Adjoint法は,常微分方程式(ODE)の解のパラメータについての勾配を状態に比例する大きさのメモリで求めることが可能な手法である.また,Neural ODE[1]はODEにおける変数の変化率を表す関数をニューラルネットワークで置き換えたものに対し,Adjoint法で勾配を求める手法であるとみなせる.ODEに留まらず,より様々な現象をモデリングできる確率微分方程式(SDE)に関してもAdjoint法を用いた勾配計算手法が提案されており,様々な研究が行われている.

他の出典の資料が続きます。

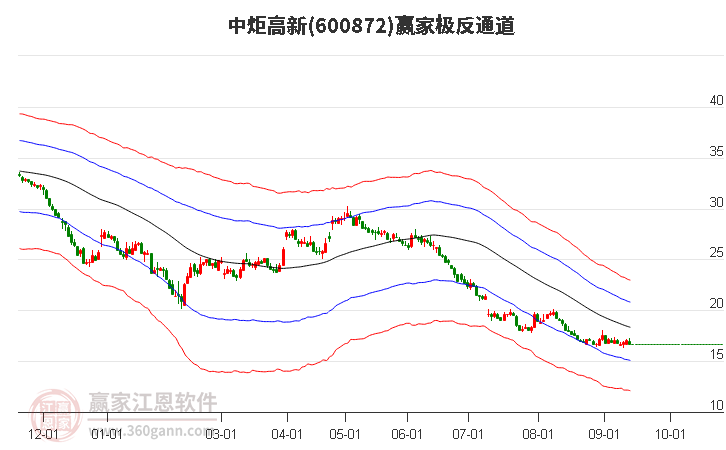 600872中炬高新赢家极反通道工具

SDEへAdjoint法を適用する際には,ODEの場合と比べて計算上工夫を行ったり,適切 な仮定を置く必要が生じる.
紹介文献の手法では,SDEの解を誤差が小さい形で近似するにはSDEのadjoint方程式のノイズ項がcommutative noiseであるという性質が必要で,そのためにSDEのノイズ項の各成分が独立であるという仮定をおく必要がある.
また,計算時間に関してSDEのノイズ項計算でBrownian Treeを用いることで,SDEソルバーのステップ数をLとするとO(LlogL)でパラメータ数によらず計算が可能である.

SDEの学習において観測データを用いる場合,単純な最尤法を用いるとノイズ項が学習できない.そこで,観測データが対応する潜在変数から得られるとした上で,その潜在変数の事前分布と事後分布をそれぞれ別のパラメータを持つSDEとしてモデル化すると,モデルのELBOを最大化することによりデータに対するSDEの潜在変数モデルを学習することができる.

本発表では,Adjoint法やNeural ODEに関する説明を行う.その後,Adjoint法のSDEの適用,理論的考察,潜在変数モデルに関する文献[2]の紹介及び考察を行う.

[1] Chen, R. T., Rubanova, Y., Bettencourt, J., & Duvenaud, D. (2018). Neural ordinary differential equations. Advances in Neural Information Processing Systems, 31.

[2] Li, X., Wong, T. K. L., Chen, R. T., & Duvenaud, D. (2020). Scalable gradients for stochastic differential equations. In International Conference on Artificial Intelligence and Statistics (pp. 3870-3882). PMLR.